As described in more detail herein, the acceleration circuitry 120 may be configured to convert a bit string representing the result of an arithmetic operation or a logical operation, or both, into a format different from the format of the plurality of bit strings stored in the memory array 130. For example, a plurality of bit strings to be used as operands in performing arithmetic operations or logical operations, or both, are stored in a data structure in the memory array 130.
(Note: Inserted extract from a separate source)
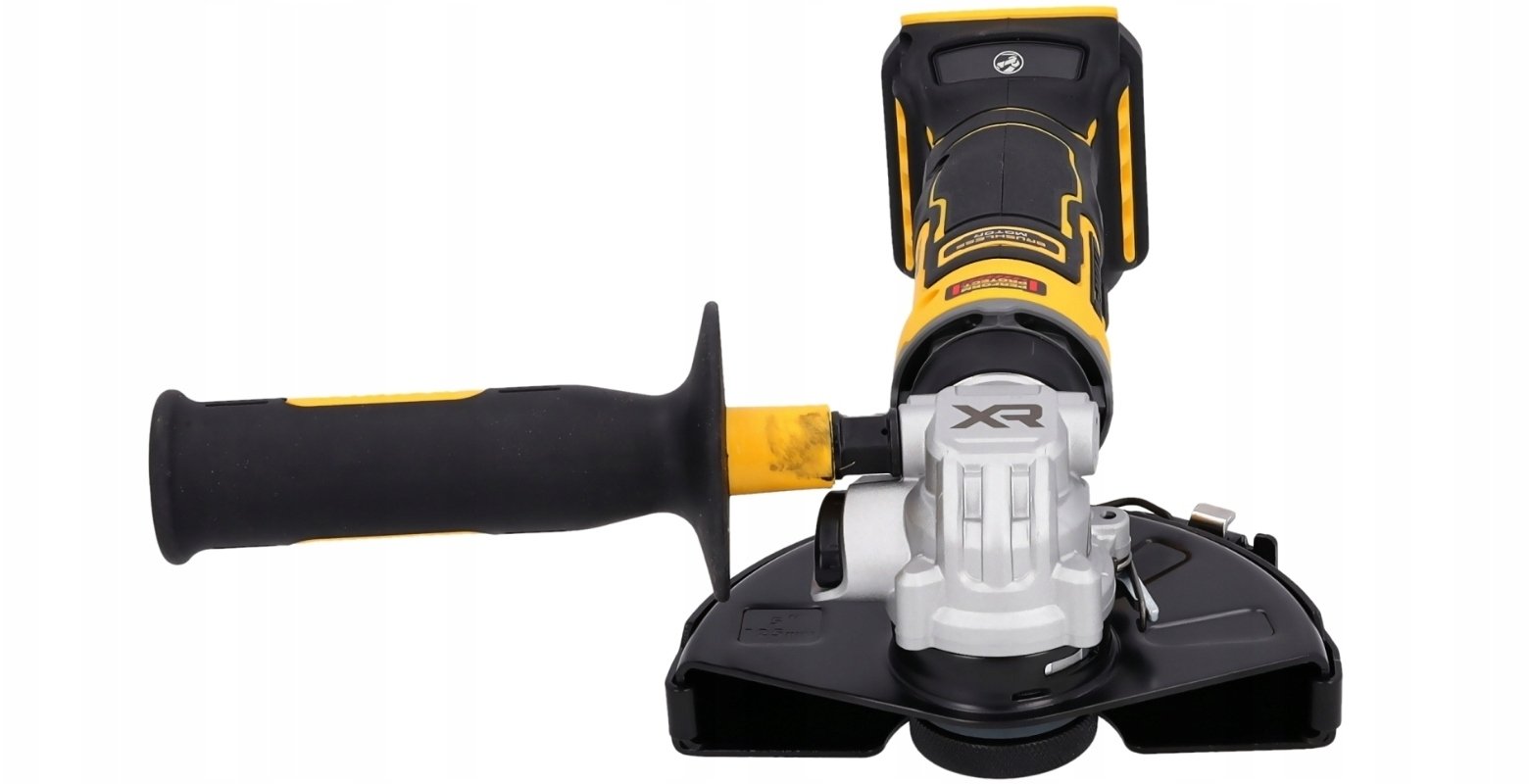 Szlifierka Dewalt DEWALT SZLIFIERKA KĄTOWA  125mm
Fig. 2A is a functional block diagram in the form of a computing system 200 including an apparatus including a host 202 and a memory device 204, according to several embodiments of the present disclosure. Memory device 204 may include one or more memory modules (e.g., single inline memory modules, dual inline memory modules, etc.). The memory device 204 may include volatile memory and/or non-volatile memory. In a number of embodiments, the memory device 204 may comprise a multi-chip device. A multi-chip device may include several different memory types and/or memory modules. For example, the memory system may include non-volatile or volatile memory on any type of module. Further, each of the components (e.g., host 202, acceleration circuitry 220, logic circuitry 222, memory resources 224, and/or memory array 230) may be referred to herein individually as an "apparatus". Although not explicitly shown in fig. 2A, memory device 204 may be coupled to one or more media devices, such as solid state drives, flash media devices, and the like.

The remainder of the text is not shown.